Artikel aus der STUTTGARTER ZEITUNG vom 06.10.2010
Fußball Der zehnte Platz gibt demKickers-Präsidenten Edgar Kurz zu denken. Von Joachim Klumpp
Tradition verpflichtet. Deshalb hat der Fußball-Regionalligist Stuttgarter Kickers seinen obligatorischen „blauen Montag“ auf dem Cannstatter Wasen nicht abgesagt, trotz der 0:1-Niederlage beim SC Freiburg II. „Da unterscheiden wir uns vom FC Bayern“, sagt der Präsident Edgar Kurz, nachdem der Bundesligist seinen Wiesn-Besuch kurzerhand gestrichen hatte. In einem anderen Punkt aber gibt es eine Übereinstimmung. Nachdem der Bayern-Boss Karl-Heinz Rummenigge mit Blick auf die Tabelle betont hatte, „ich weigere mich, den Titel jetzt schon abzuschreiben“, bläst Kurz ins gleiche Horn: „Aber wir sind sehr weit von dem Weg entfernt, den wir uns vorgenommen hatten.“
Der sollte zwar nicht zwingend zum Aufstieg führen, aber zumindest in Richtung des ersten Platzes – und dorthin fehlen dem Tabellenzehnten schon elf Punkte. Schlimmer noch: der Trend zeigt nach unten, nachdem die Mannschaft von den jüngsten sechs Spielen nur eines gewonnen hat und in Freiburg weder das Ergebnis gestimmt hat noch die Leistung. „Das ist bedenklich“, gibt Kurz zu. Doch dass der Fußball nicht immer berechenbar ist, zeigten auch Beispiele wie der FC Bayern oder der VfB Stuttgart, „ohne von uns ablenken zu wollen“, so Kurz: „Natürlich müssen wir uns hinterfragen, ob wir alles richtig gemacht haben.“
In erster Linie gilt das für die Kaderzusammenstellung, zumal es diesbezüglich im Sommer zu Differenzen kam zwischen dem Trainer Dirk Schuster und dem von einem anonymen Investor eingesetzten Sportkoordinator Michael Zeyer, der zum Beispiel Sascha Rösler (zuletzt 1860 München) holen wollte.

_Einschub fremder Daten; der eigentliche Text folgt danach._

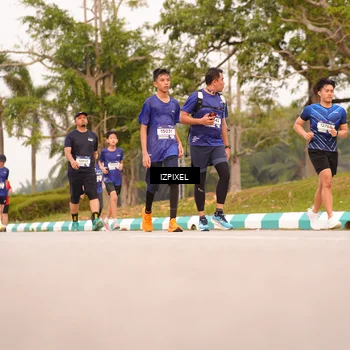 Runner Photo 7543077
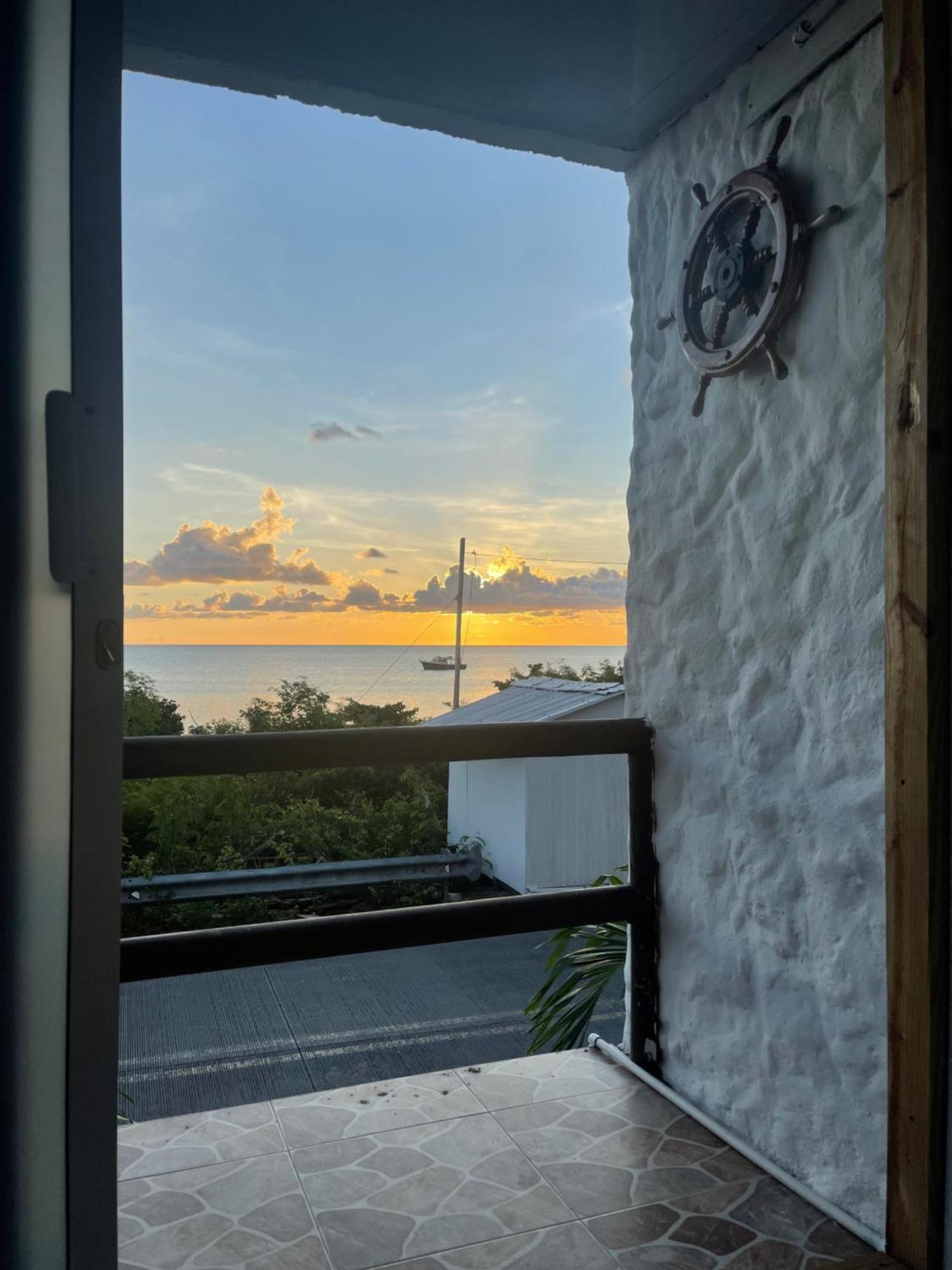 Sunrise View Posada Morris Hill Exterior photo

Die atmosphärischen Störungen sind auch Kurz nicht verborgen geblieben: „Man muss sich nicht lieben, um Erfolg zu haben. Aber wir wollen die Kickers voranbringen, deshalb muss jeder seine Qualitäten einbringen.“ Zumal der Investor für sein Geld etwas sehen will und es nur noch eine Frage der Zeit (oder der Niederlagen) sein könnte, bis er sich aktiver einmischt.
Schließlich hatte Dirk Schuster vor der Saison von einem besseren Kader als im Vorjahr gesprochen; Worte, an denen er sich messen lassen muss. Er sagt: „Es müssen neben Enzo Marchese auch andere Spieler Verantwortung übernehmen.“ Michele Rizzi im Mittelfeld etwa oder der momentan verletzte Oliver Stierle, der die Erwartungen zuvor ebenfalls nicht hundertprozentig erfüllen konnte. Bleibt die Frage, ob die Kickers personell noch nachbessern, mit arbeitslosen Akteuren. „Der Markt gibt nicht viel her“, sagt Schuster.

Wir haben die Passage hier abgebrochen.